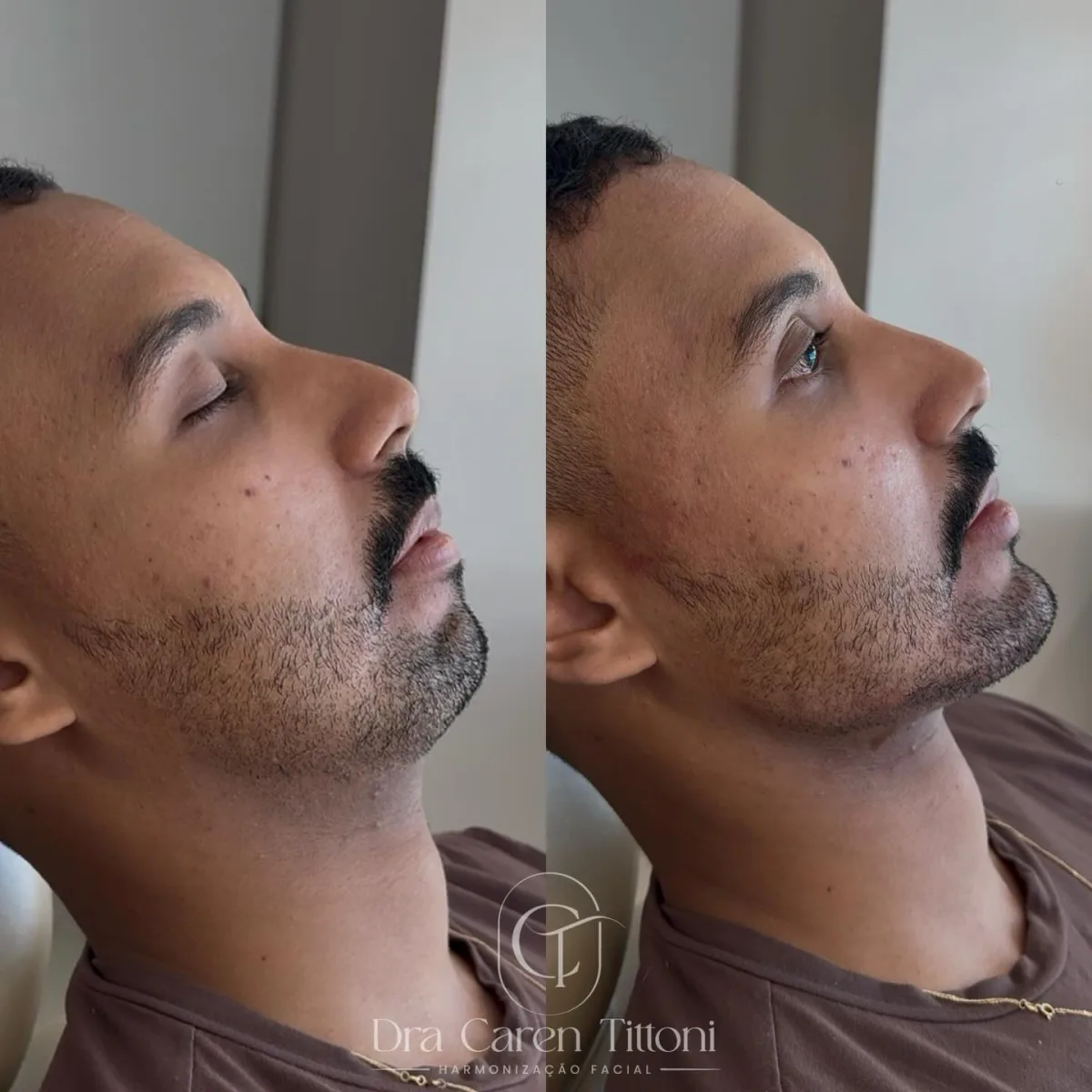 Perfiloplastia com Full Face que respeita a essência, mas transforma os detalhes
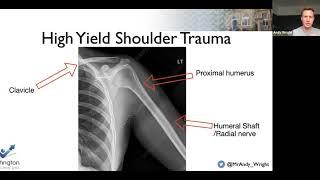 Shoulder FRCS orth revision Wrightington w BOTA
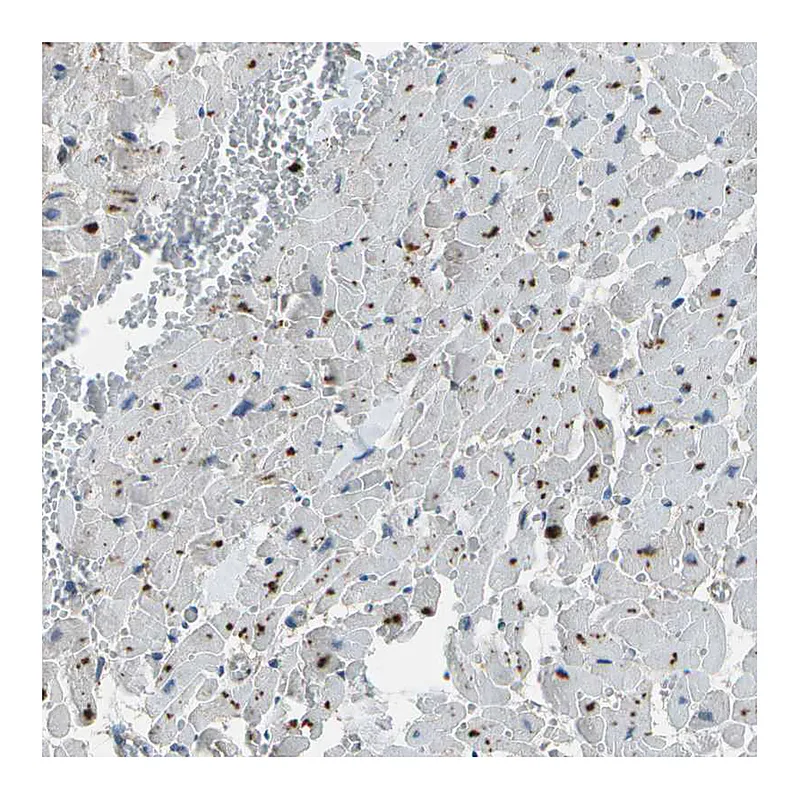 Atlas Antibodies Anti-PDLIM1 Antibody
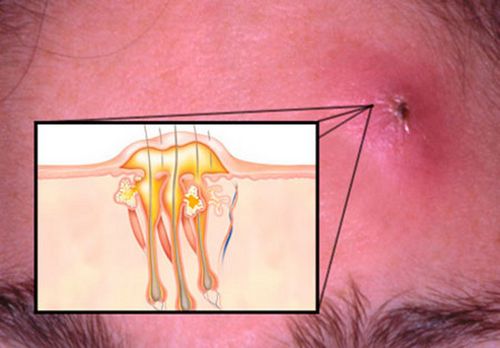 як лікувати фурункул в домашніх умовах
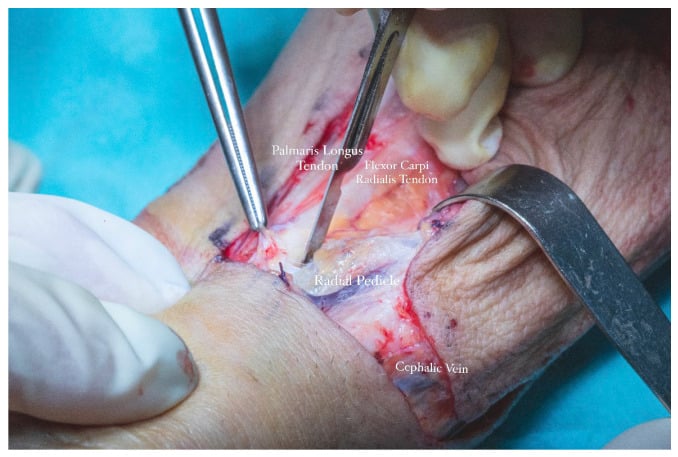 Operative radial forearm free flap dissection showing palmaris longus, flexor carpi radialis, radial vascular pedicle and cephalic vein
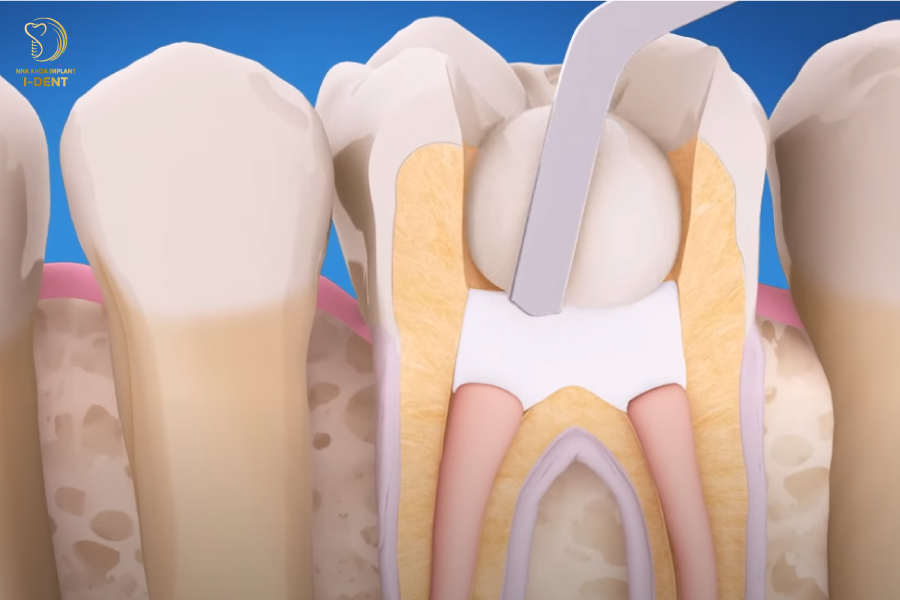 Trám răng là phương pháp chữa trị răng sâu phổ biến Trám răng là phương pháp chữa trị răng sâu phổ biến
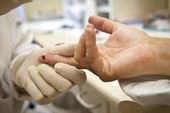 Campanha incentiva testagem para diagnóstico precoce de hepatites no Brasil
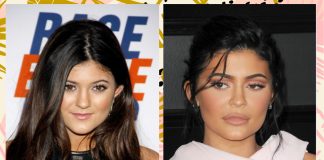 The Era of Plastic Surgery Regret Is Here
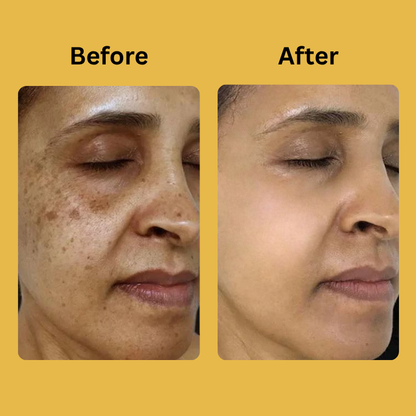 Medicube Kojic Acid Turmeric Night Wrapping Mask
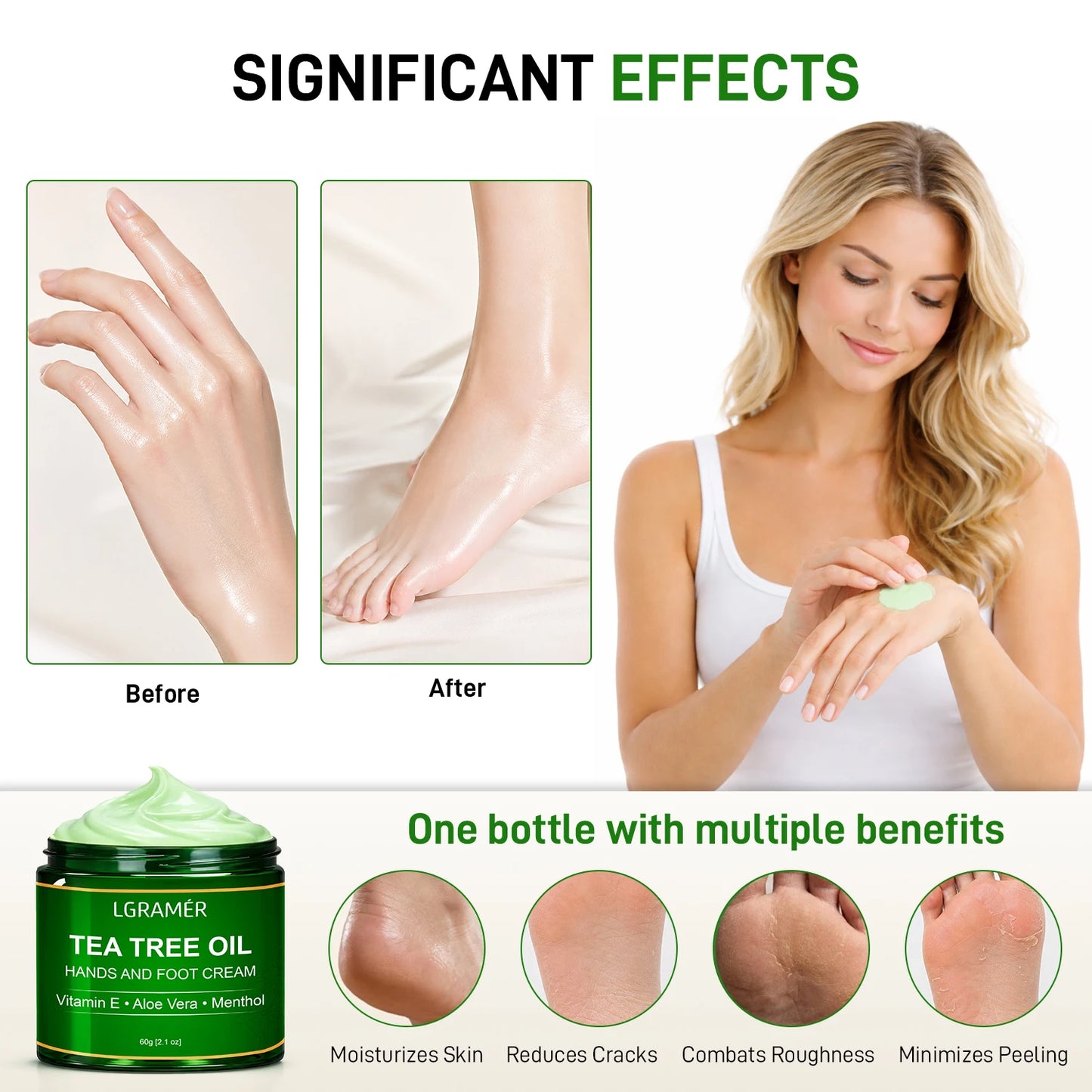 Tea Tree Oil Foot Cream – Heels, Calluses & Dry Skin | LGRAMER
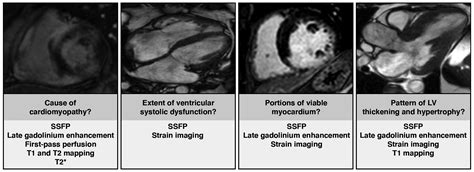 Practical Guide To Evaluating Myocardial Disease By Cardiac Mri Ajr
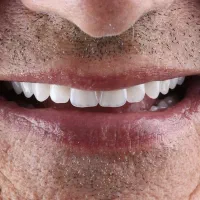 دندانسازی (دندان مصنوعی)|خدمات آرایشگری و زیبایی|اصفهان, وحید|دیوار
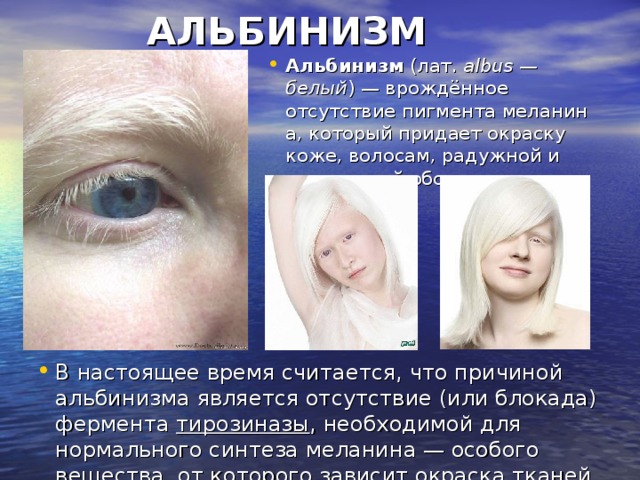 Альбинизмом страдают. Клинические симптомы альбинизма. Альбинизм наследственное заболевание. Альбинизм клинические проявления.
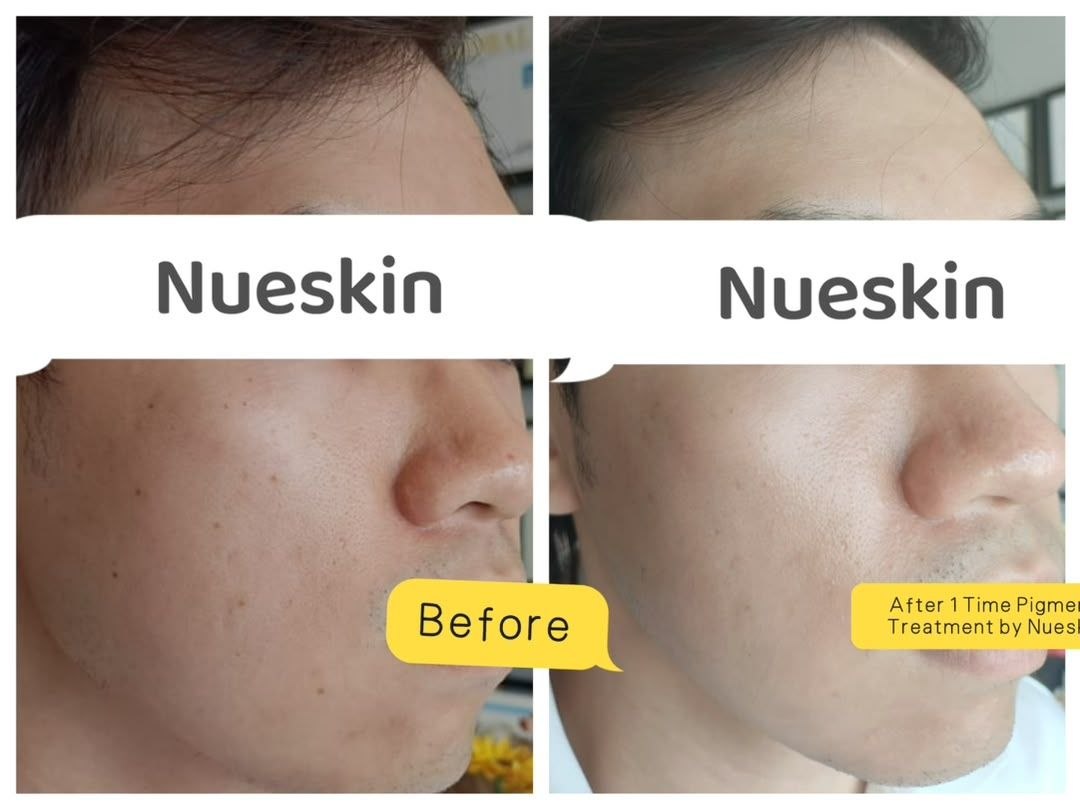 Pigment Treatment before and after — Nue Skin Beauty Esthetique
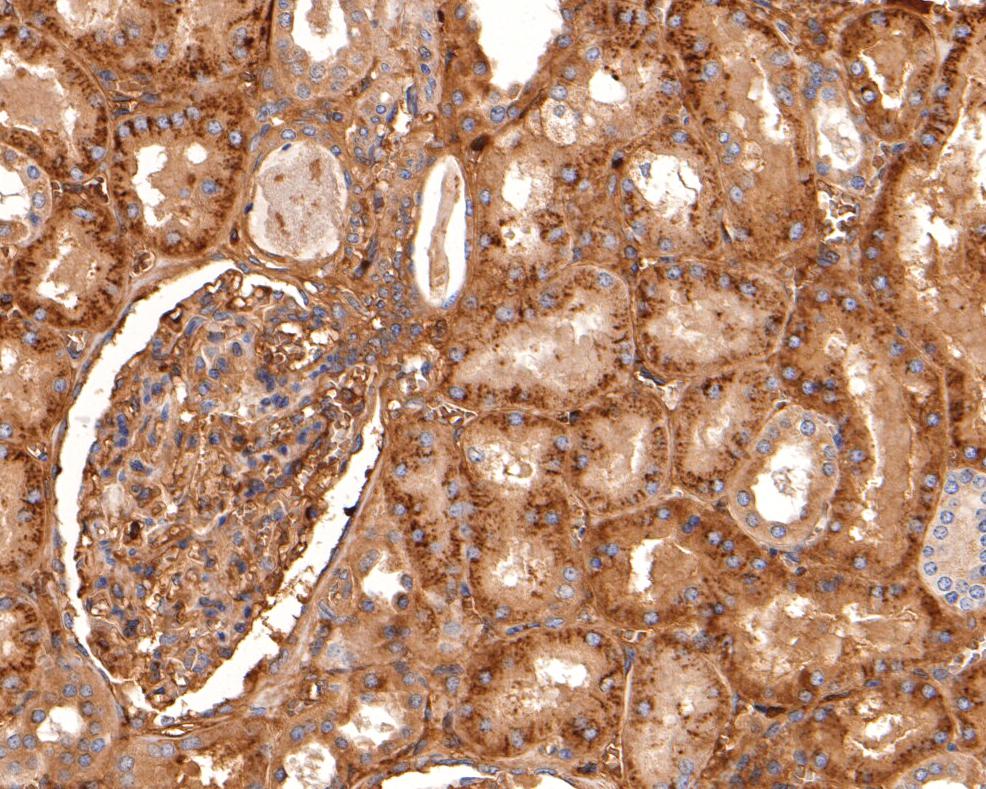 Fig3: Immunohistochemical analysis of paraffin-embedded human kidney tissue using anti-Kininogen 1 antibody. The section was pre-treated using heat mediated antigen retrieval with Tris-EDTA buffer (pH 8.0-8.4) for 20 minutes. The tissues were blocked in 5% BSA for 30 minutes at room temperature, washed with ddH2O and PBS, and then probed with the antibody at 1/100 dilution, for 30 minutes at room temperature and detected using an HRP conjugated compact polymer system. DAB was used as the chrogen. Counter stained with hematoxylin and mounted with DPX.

§ §

The lines wanted run from the first one in the material above through the line containing "Tea Tree Oil"; give them again exactly, leaving out the pictures.

▶ Response area
 Perfiloplastia com Full Face que respeita a essência, mas transforma os detalhes
 Shoulder FRCS orth revision Wrightington w BOTA
 Atlas Antibodies Anti-PDLIM1 Antibody
 як лікувати фурункул в домашніх умовах
 Operative radial forearm free flap dissection showing palmaris longus, flexor carpi radialis, radial vascular pedicle and cephalic vein
 Trám răng là phương pháp chữa trị răng sâu phổ biến Trám răng là phương pháp chữa trị răng sâu phổ biến
 Campanha incentiva testagem para diagnóstico precoce de hepatites no Brasil
 The Era of Plastic Surgery Regret Is Here
 Medicube Kojic Acid Turmeric Night Wrapping Mask
 Tea Tree Oil Foot Cream – Heels, Calluses & Dry Skin | LGRAMER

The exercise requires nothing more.